TASK INPUT:
= = = = = = =
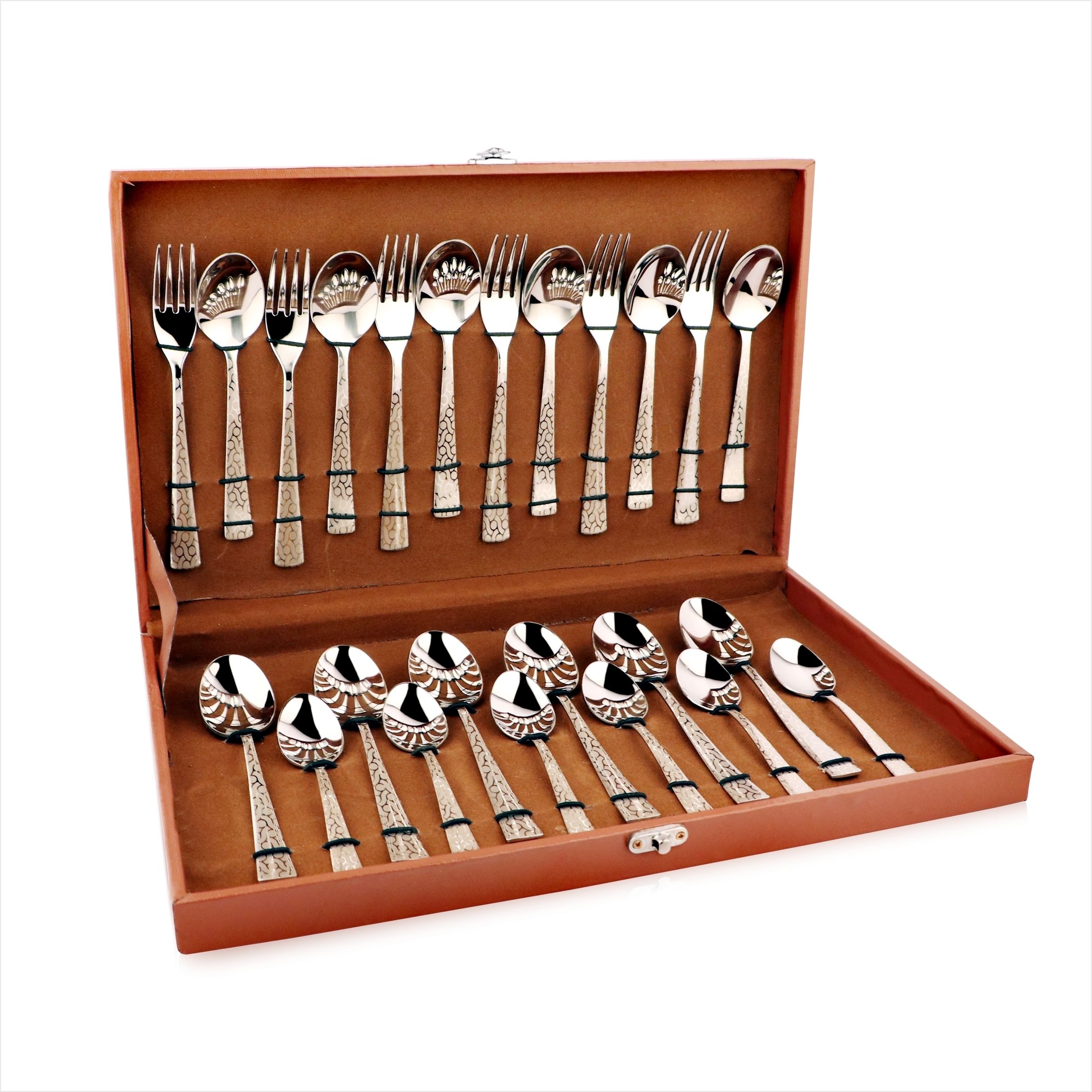 Pacific 24 pc cutlery box Stainless Steel Cutlery Set-image-47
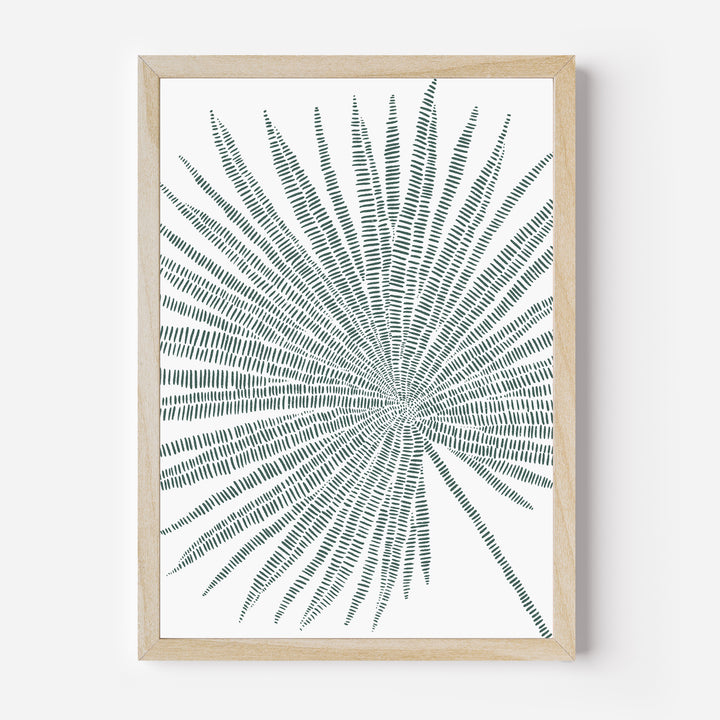 Minimalist Palm Fan Leaf - Jetty Home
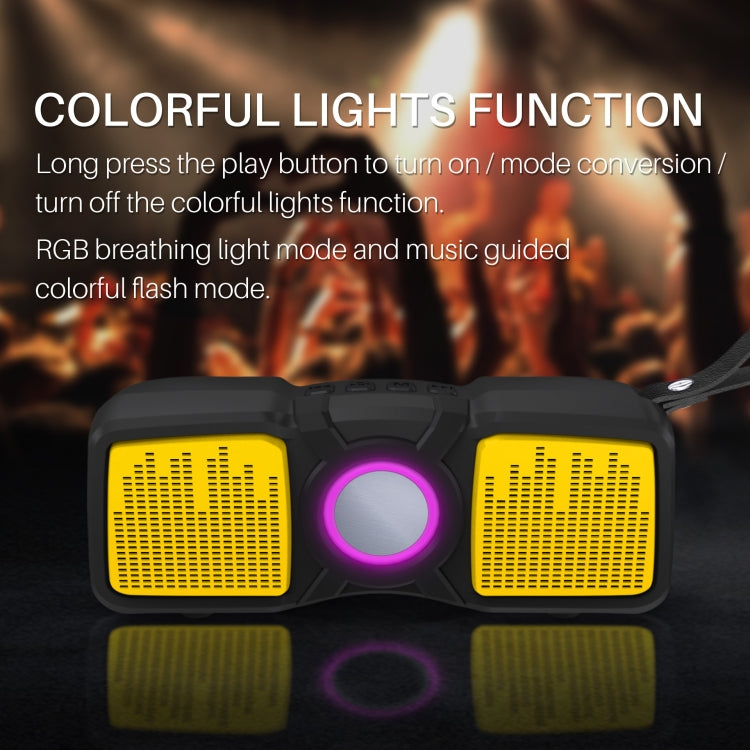 New Rixing NR-9011 Bluetooth 5.0 Portable Outdoor Wireless Bluetooth Speaker, NR-9011(Yellow), NR-9011(Grey), NR-9011(Blue), NR-9011(Black)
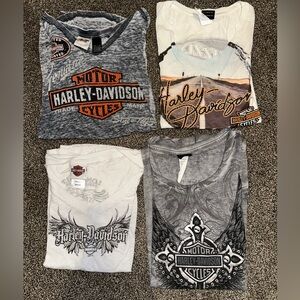 4 Harley-Davidson tee shirts
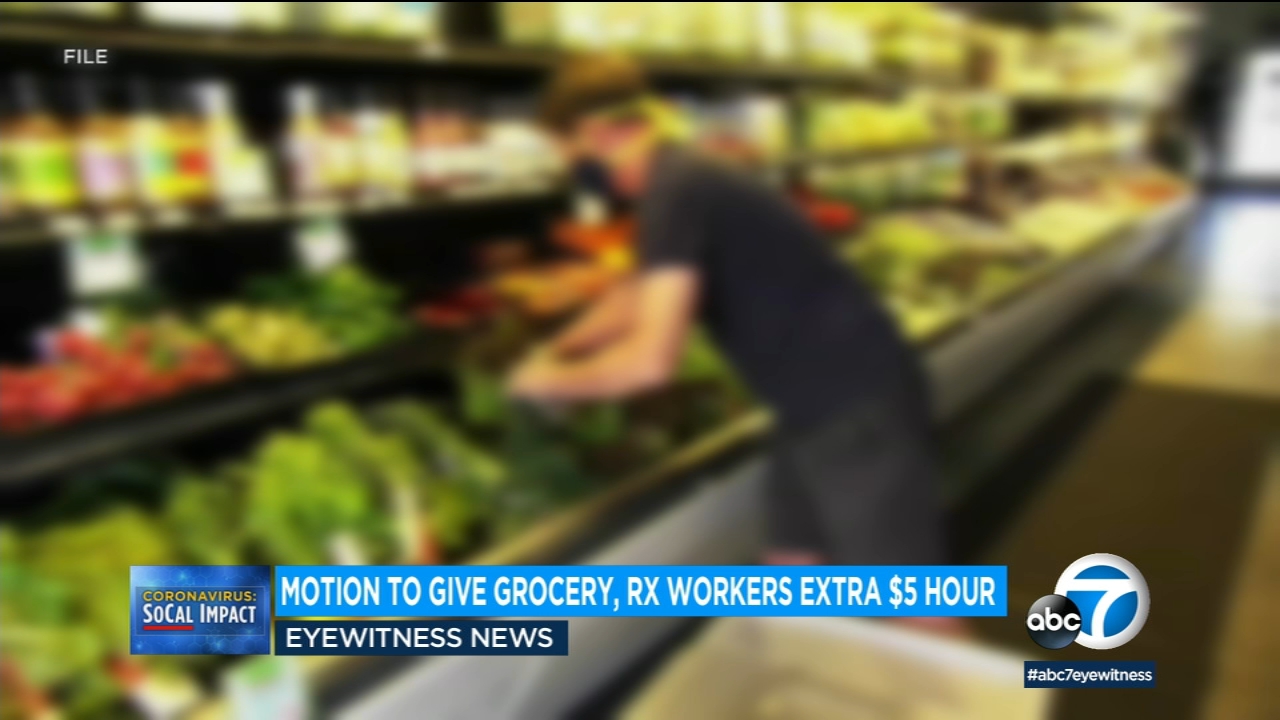 LA County to consider requiring 'hero pay' for grocery workers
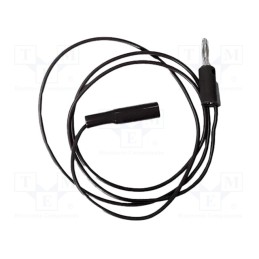1 pcs x MUELLER ELECTRIC - BU-2031-A-12-0 - Test lead, 5A, banana plug 4mm,aligator clip, Urated: 600V, black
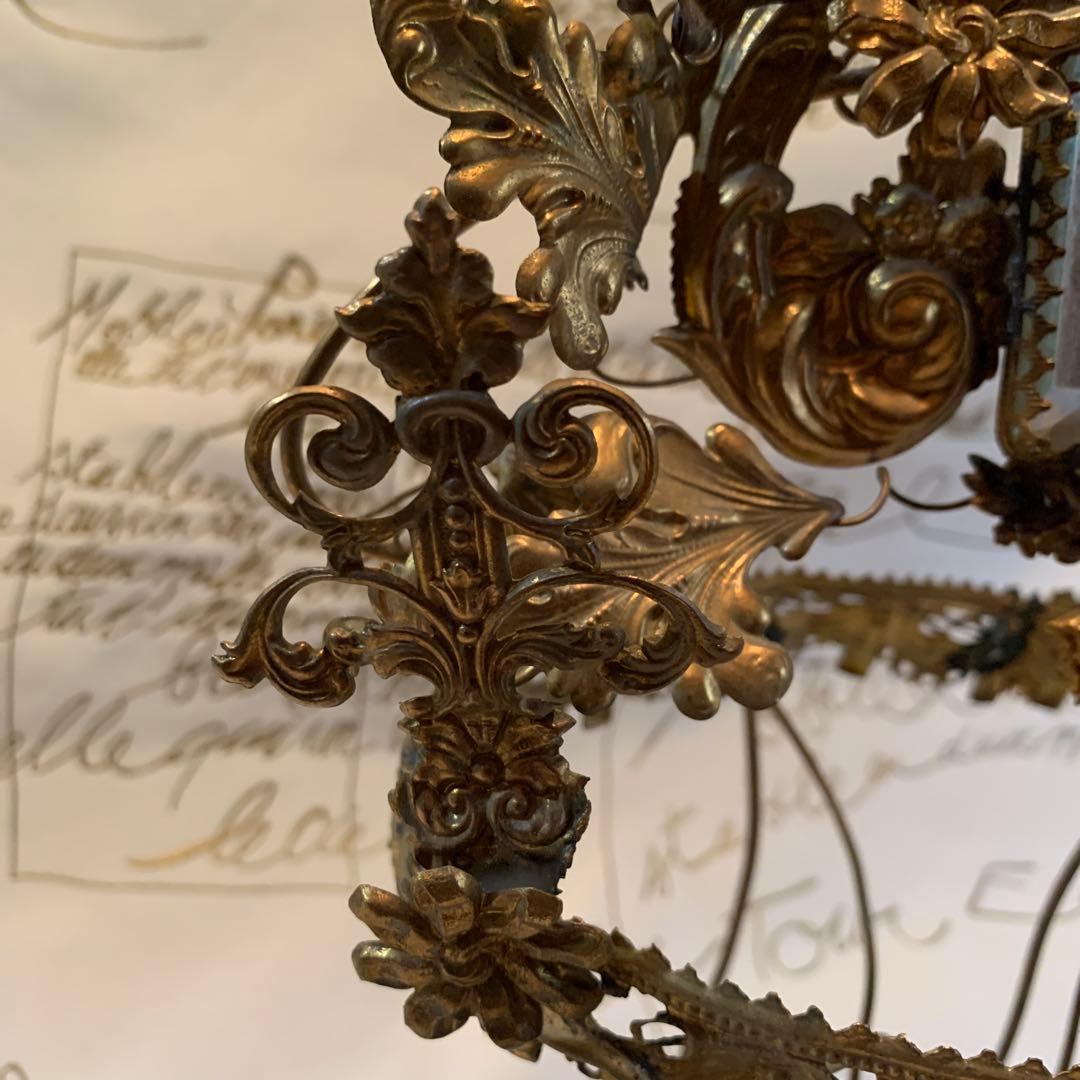 フランスアンティーク　1850年頃ナポレオントロワ期エレガントなマリアージュ飾り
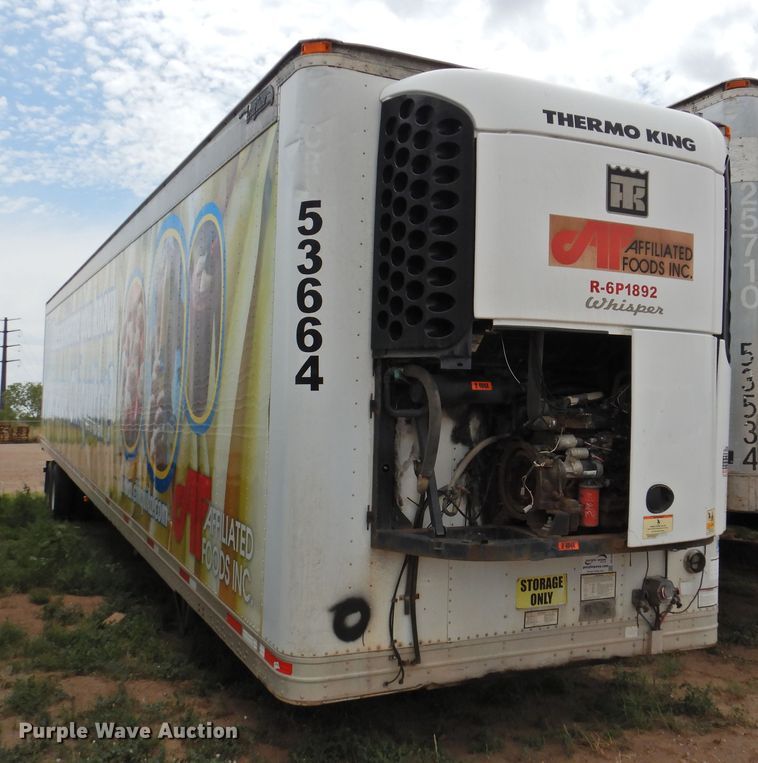 image for item DG1416 2005 Great Dane refrigerated dry van trailer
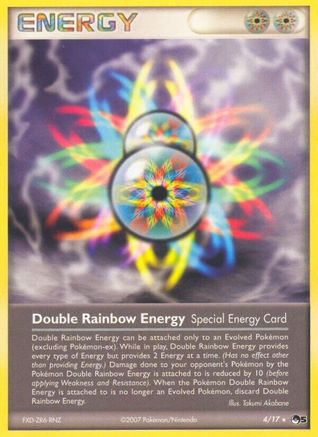 Double Rainbow Energy 004 - Holofoil POP Series 5 - Rare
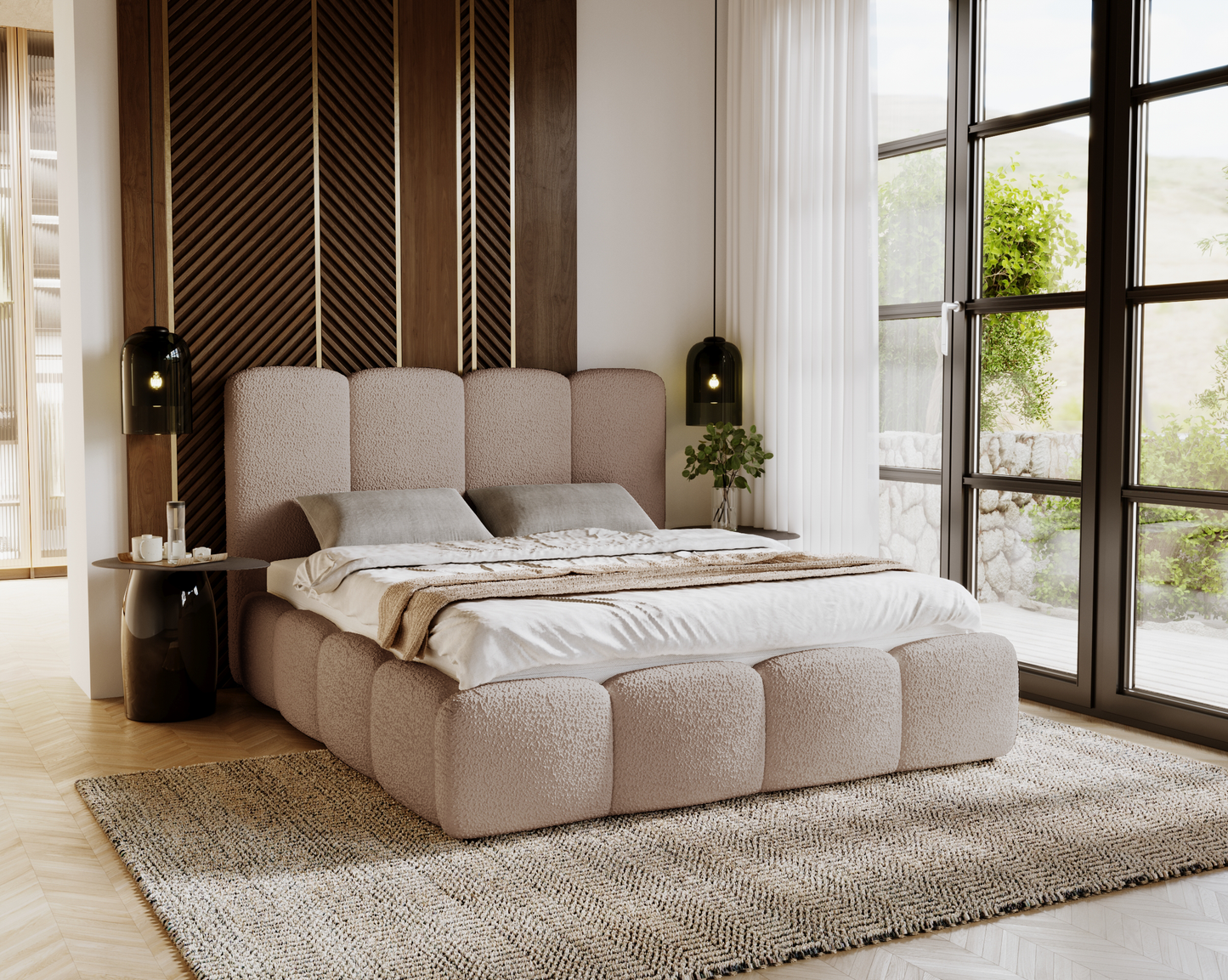 Viska - Sängram med förvaring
= = = = = = =
TASK REQUIREMENTS: Reproduce word for word, with pictures dropped, only the part of the material above that opens with the line containing "Minimalist Palm Fan Leaf - Jetty Home" and closes with the line containing "1 pcs x MUELLER".

SOLUTION FOR THIS TASK:
 Minimalist Palm Fan Leaf - Jetty Home
 New Rixing NR-9011 Bluetooth 5.0 Portable Outdoor Wireless Bluetooth Speaker, NR-9011(Yellow), NR-9011(Grey), NR-9011(Blue), NR-9011(Black)
 4 Harley-Davidson tee shirts
 LA County to consider requiring 'hero pay' for grocery workers
1 pcs x MUELLER ELECTRIC - BU-2031-A-12-0 - Test lead, 5A, banana plug 4mm,aligator clip, Urated: 600V, black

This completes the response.